In today’s post, we look at a model for the three stages of mental identification. Understanding this difference is critical to becoming free. Let’s dive in.

The most common stage where we find ourselves is the ‘Object Identification’ stage. This means that we feel that the other person, the object, the situation, the government or something external to us is responsible for our problem. In fact, the preoccupation with the external ‘object’ is so much that we even forget ourselves for a while. This is best understood in extreme anger or grief. In that state, we even lose the capacity to recognize that we are suffering. There is just the pure, raw, uncensored emotion that takes over the entire being. Some of us may even vehemently deny that we are suffering at all, and continue to blame the other. This is a highly entrenched egoic position of self-defence.
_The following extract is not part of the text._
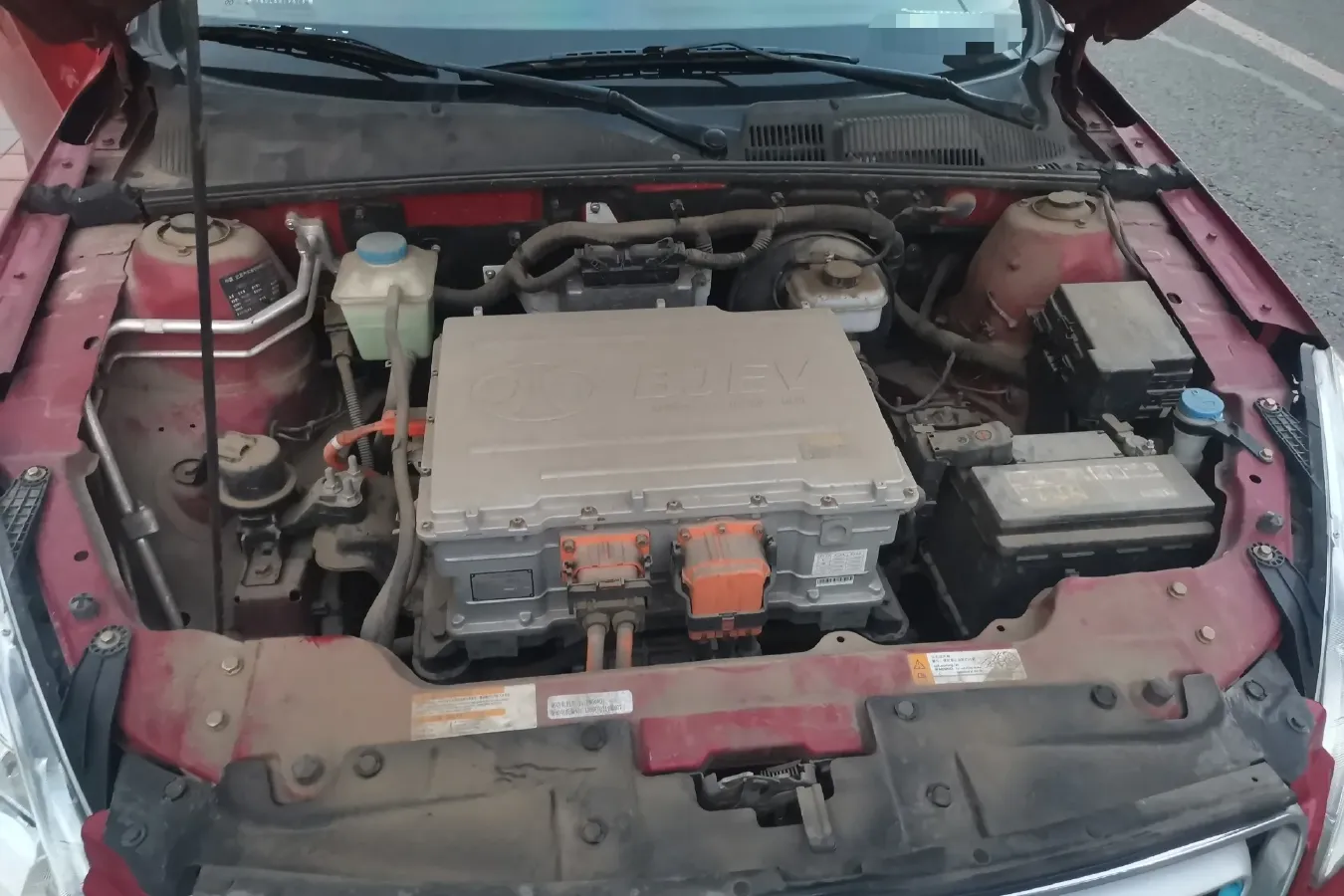 2016 BAIC BJEV EU BEV 41.4KWH,autocango,china used car exporter,china ev exporter,chinese used car exporter,chinese used ev exporter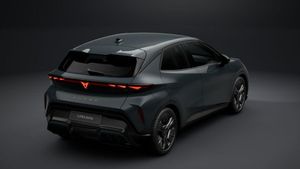 Cupra Raval bild 3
This state is rooted in fear, but our egos are so dominant that there is a strong denial.
The second stage is the ‘Self Identification’ stage. This is a common state that sensitive people find themselves in. Such people feel that they are suffering. While there is a recognition of the external object that caused the suffering, the focus of one’s attention is more on ‘How could the other do this to me’?. The emotions commonly experienced in this state are sadness, pity and hurt. There is a heightened awareness of the pain but the emphasis is on the ‘I’ that suffers. While this is still not a fully free state, it represents progress over the object identification state.
The final stage is the ‘Non Identified’ stage, which is the state of being free. In this state, one recognizes the external trigger, the internal emotion, but does not superimpose the concept ‘I am suffering’. Instead, they gain the capacity to say ‘There is suffering’. This is a very important distinction. When we feel that we are an ‘I’ that suffers, then there is something we need to do. We need to resolve the emotion either through counter-attack (shouting, revenge, and so on) or through thinking (indulgence in self-pity, dark thoughts and so on). Both these are mechanisms to get rid of the uncomfortable emotion for it appears that this negative emotion destroys our sense of self (i.e. the ‘I’). Instead, a non-identified person accepts the emotion and sees it as being there, but (s)he does not identify the emotion with an illusory ‘I’. And this makes all the difference.
True freedom comes when we adopt this witnessing position to our thoughts and feelings. We realize that perceptions, thoughts and emotions – the only three things there can ever be – are all arising on their own accord within awareness, and disappearing of their own accord. This coming and going of the three modes of cognition aren’t being controlled by a thinker, feeler, or do-er called the ‘I’. We must experience this for our own selves. Only when we come to recognize that there is no ‘I’, can freedom come about.
Therefore, begin by adopting a witnessing attitude – first to simple things – like a beautiful sunset. Then to times when we are excited, joyous. And then to challenging times – when we are angry, triggered or deeply sad. While experiences are always changing, the knowing of them (i.e. consciousness) always is. That is, experiences are always known. There simply cannot be an unknown experience. By practising this repeatedly, we begin to stabilize in the fact that we aren’t an ‘I’, a person, or an individual, but we are consciousness itself. We have an infinite capacity to know infinite things. And we never change. We always are. This gives us the confidence that nothing can harm us. Nothing can add unto us. We need not crave anything. We are eternally free.